Do you want Thorne to be a chef?

Sonya Coté: No, I don’t want him to be a chef. I want him to be something like an environmental engineer or do something good for the environment. He is a smart kid. I don’t want him in the kitchen.

Thorne Russell: It totally depends. I don’t have a calling to do the stressful line work. I like to work under pressure. I love to cook, and I see it as an art.

What culinary influence did your mother have on you?

Eric Silverstein: She had a big influence on me in terms of food culture. Food was an integral part of her own family growing up. Whenever we would we would go visit her family, food was always central to those visits. She carried on traditional Chinese cooking methods into our family, so whenever she made meals for us it was usually stuff she grew up eating.

What did you grow up eating?

Eric Silverstein: I was raised in Japan, and Japanese food culture is one of the most intriguing ones out there. They put a lot of emphasis on quality. I still remember eating street food and at hole in the wall restaurants in Japan. Japanese cuisine is much more diverse than sushi, and we usually think [Japanese food] is just sushi in the U.S. Eighty percent of the rest of Japanese food takes a backseat to sushi here, and I wanted to bring a new concept forward through the Japanese burgers at Yumé Burger.

Eric Silverstein and his mother

What was your mother like as a cook?

Eric Silverstein: She cooked a lot with her own mother. She doesn’t have a culinary degree or anything, but she was a great home chef. Every day was family dinner. There wasn’t one day when we weren’t eating together. And she cooked everything. We would eat a lot of pot stickers, soy-sauce chicken, steamed fish, different noodle dishes, a lot of very unique Chinese dishes, and different stir-fry dishes. She also made something that was almost like a meatloaf, but with steamed pork.

What influence has she had on your culinary projects?

Eric Silverstein: She had less of an influence on The Peached Tortilla, but when we started Yumé Burger I flew her out here and to be involved with the tastings. She had the Japanese burgers that influenced me in this project when we were living in Japan.

How does she respond to your success?

Eric Silverstein: She is proud of what I’m doing. I know she follows me more closely than anyone out there. She finds it exciting, but my family comes from the restaurant business. They’ve had their successes and they’ve had their failures, so she is always cautiously optimistic. I get that from her. I want to do a restaurant down the road. It’s always been a dream of mine. To really be considered an icon in Austin, you have to have a restaurant.

How has your mother influenced your restaurant?

Miguel Ravago: She helped me learn about Mexican cuisine. She would make me taste everything just to teach me about it. We traveled through Mexico a lot, and that’s how we realized each state has a different cuisine in Mexico. That really helped me understand the cuisine… Her and my grandmother helped me when I came to Texas because they knew the cuisine so well. They showed me how everything should taste. It has influenced me a lot.

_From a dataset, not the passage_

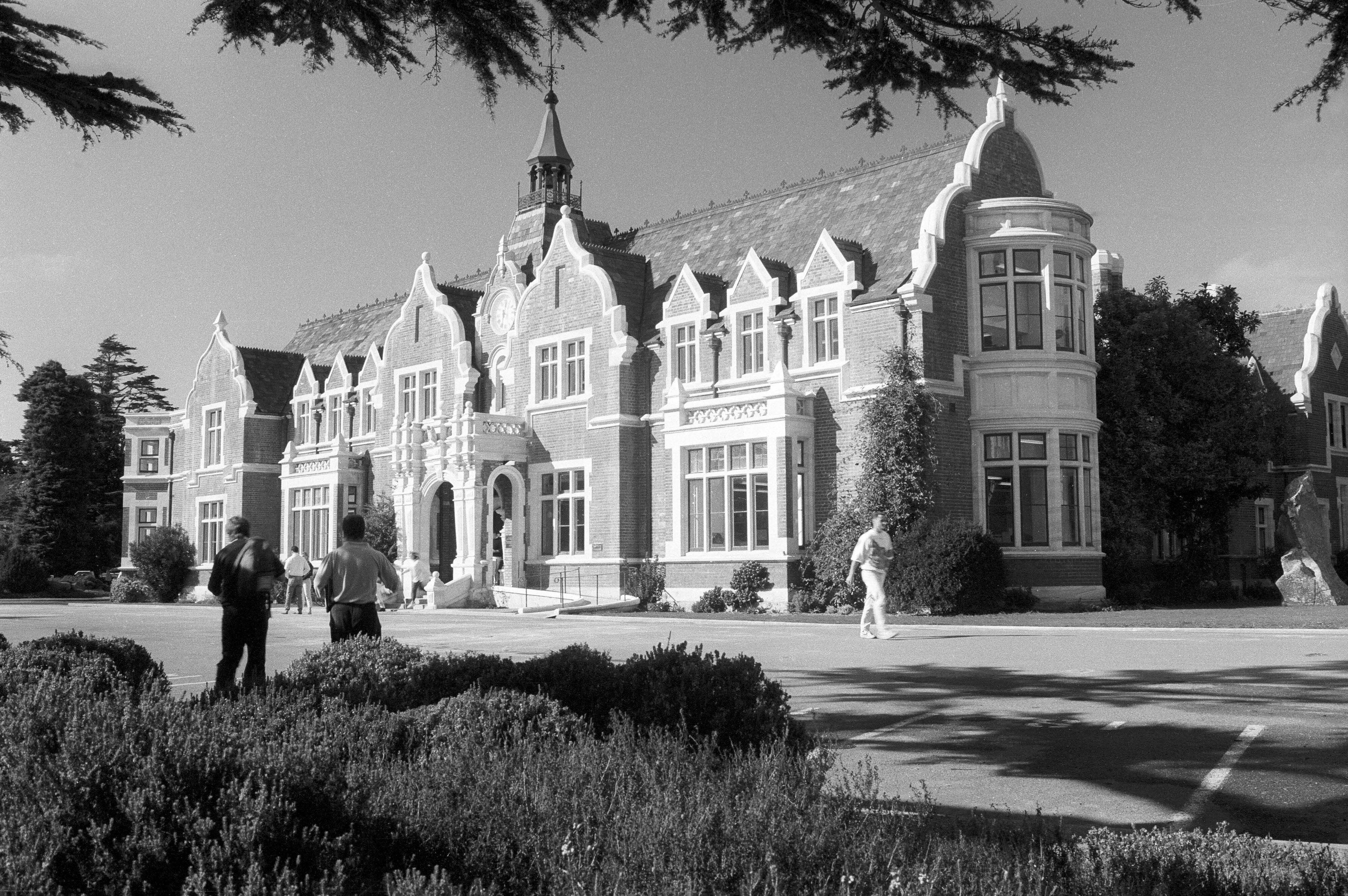 Ivey Hall Library 04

Miguel Ravago and his mother

What dishes did your mother make for you?

Miguel Ravago: She’s from the northern part of Mexico, so she made a lot of stewed meats, corn tortillas and flour tortillas that were thin like crepes, tamales, and mole. We ate a lot of seafood. She did these great chile rellenos. It was fantastic. I liked her interest in it and her curiosity. That helped me a great deal.  I’m creative because of her.